__What to produce__.
Copy nothing but the line with "翡翠手镯未镶嵌56圈口 D251编码" and the lines that follow it to the end of the entries below, and keep the pictures out.
---------- Information provided
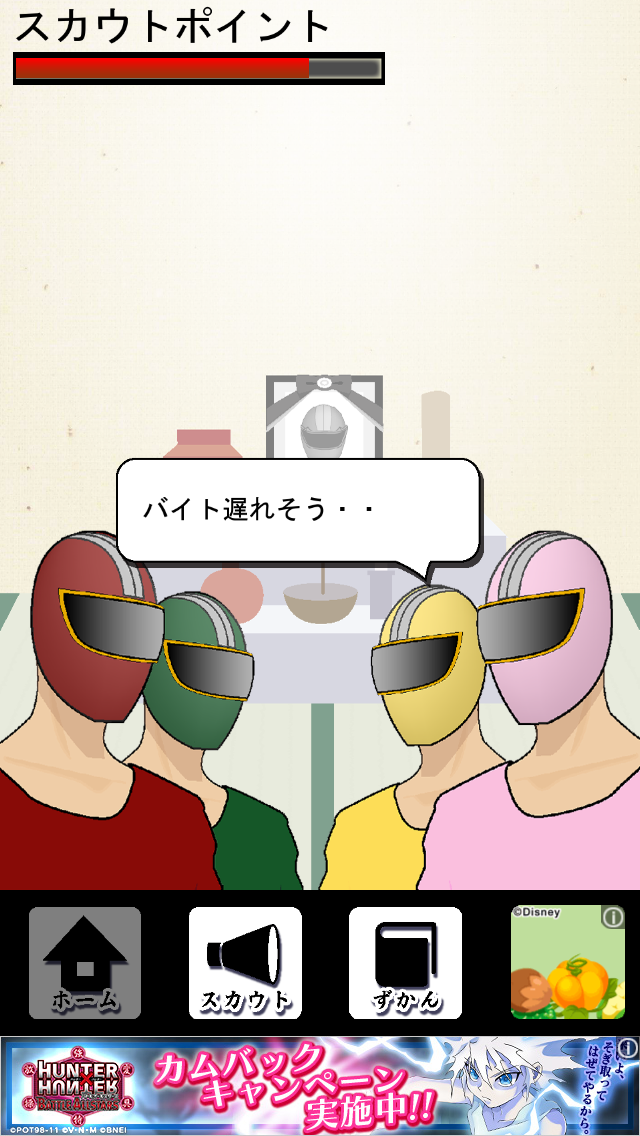 androidアプリ 今日でブルーの一周忌を迎える訳だが・・・。攻略スクリーンショット1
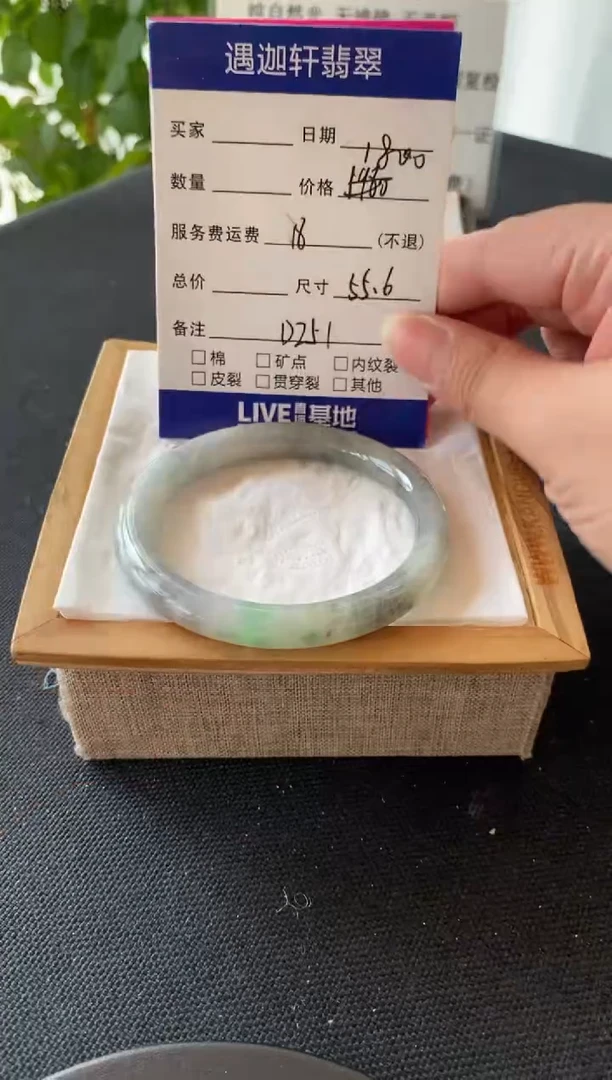 翡翠手镯未镶嵌56圈口 D251编码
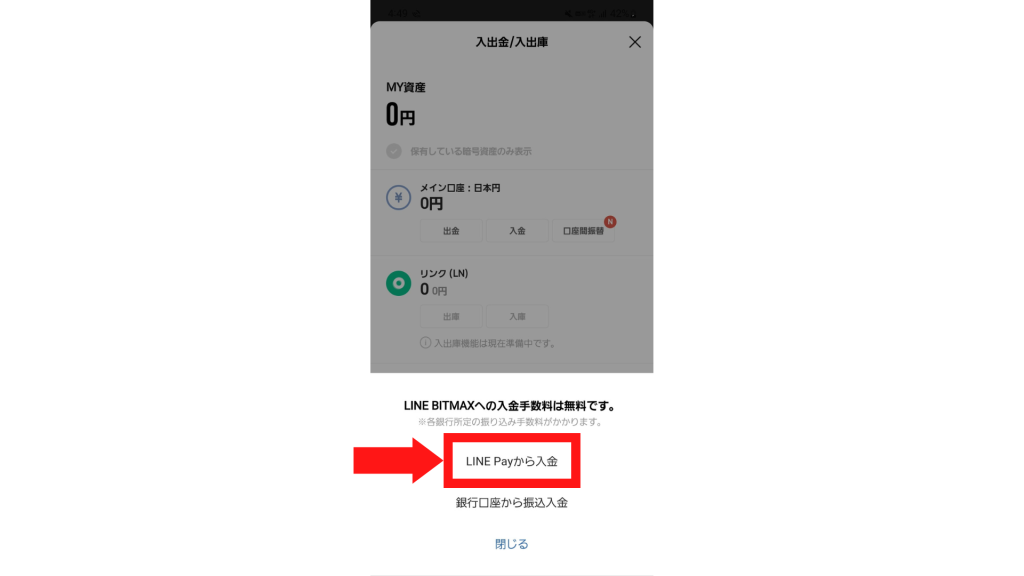 LINE BITMAX‐入金手順2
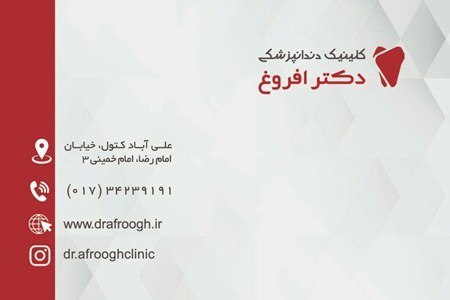 دکتر مجتبی افروغ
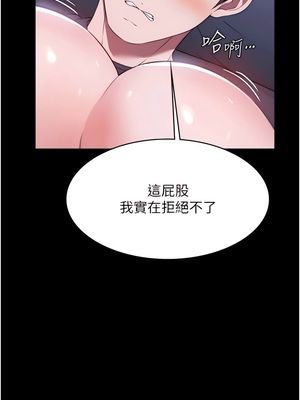 [韩漫] 家政妇小姐姐／Young Housemaid [中文][已完结]_1168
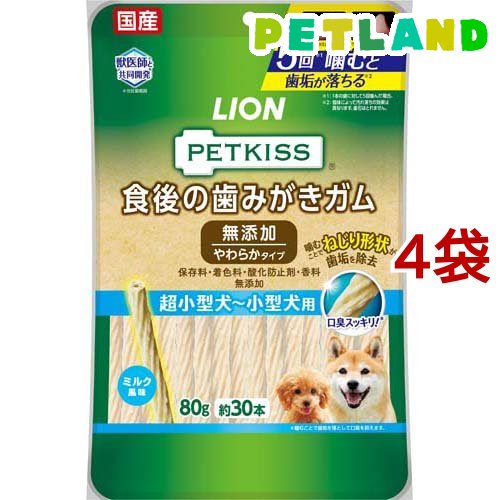 LION（ペット） ペットキッス 食後の歯みがきガム 無添加 やわらかタイプ 超小型犬～小型犬用 80g×4個 犬用おやつ、ガムの商品画像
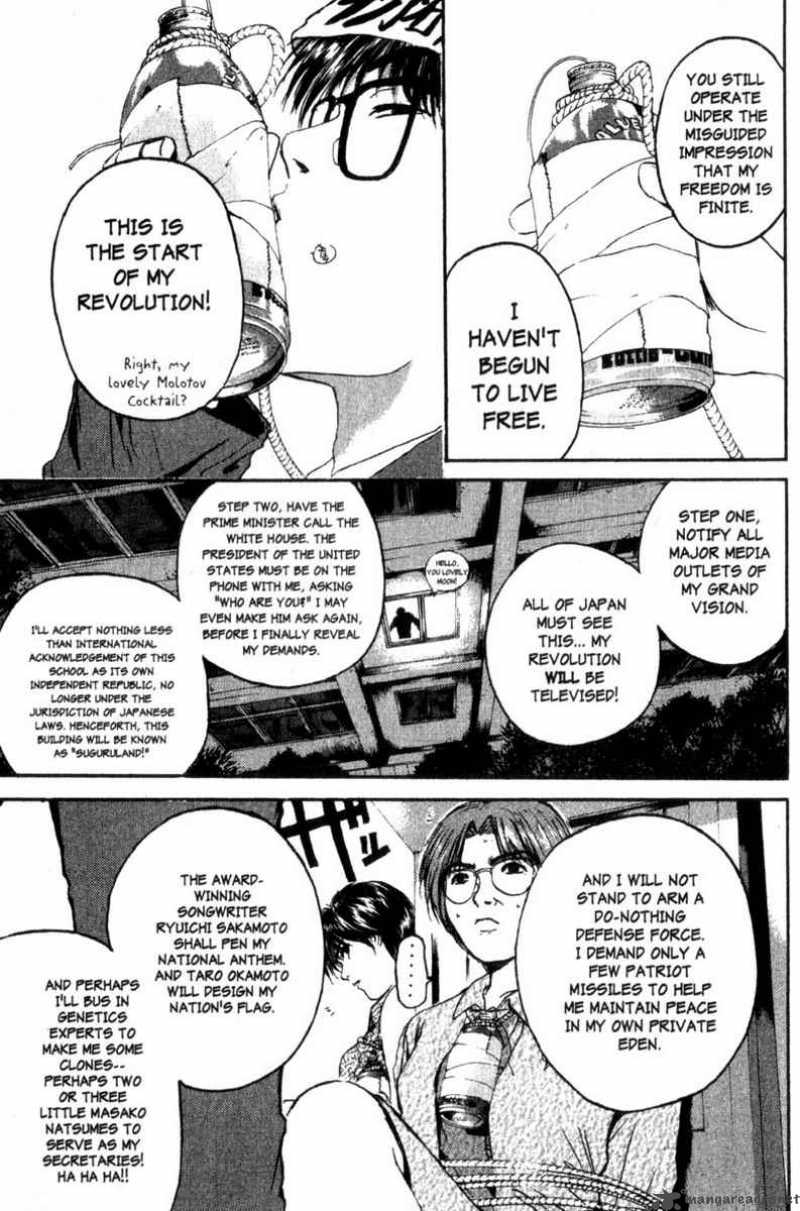 Great Teacher Onizuka 153 10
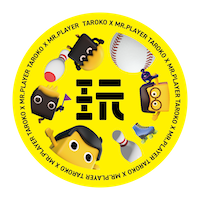 大魯閣玩很大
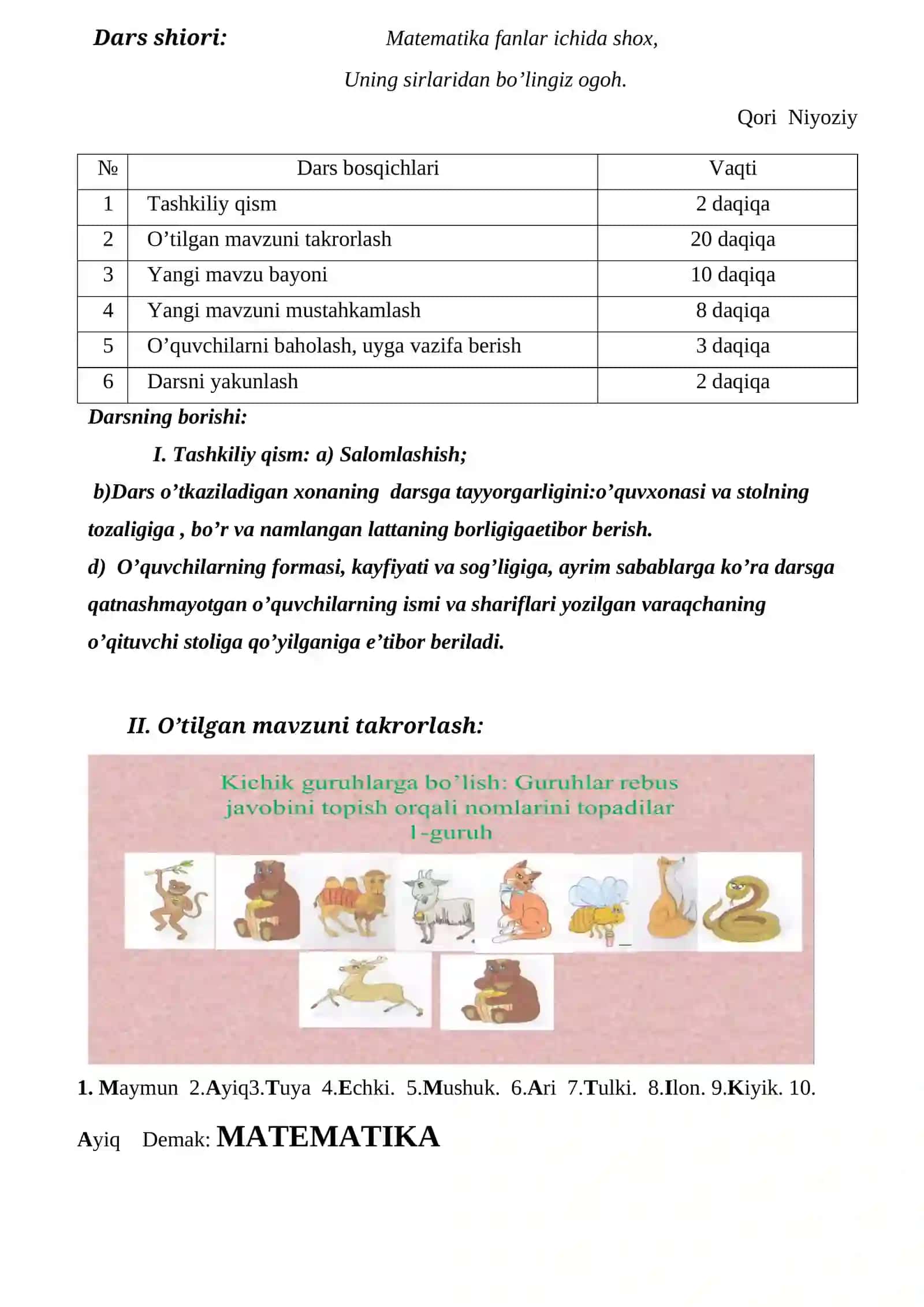 5-sinf Matematika fanidan dars ishlanma. Natural sonlarni ko'paytirish va uning xossalari 3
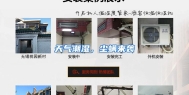 天气潮湿，尘螨来袭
--------------------
__Expected answer__.
 翡翠手镯未镶嵌56圈口 D251编码
 LINE BITMAX‐入金手順2
 دکتر مجتبی افروغ
 [韩漫] 家政妇小姐姐／Young Housemaid [中文][已完结]_1168
 LION（ペット） ペットキッス 食後の歯みがきガム 無添加 やわらかタイプ 超小型犬～小型犬用 80g×4個 犬用おやつ、ガムの商品画像
 Great Teacher Onizuka 153 10
 大魯閣玩很大
 5-sinf Matematika fanidan dars ishlanma. Natural sonlarni ko'paytirish va uning xossalari 3
 天气潮湿，尘螨来袭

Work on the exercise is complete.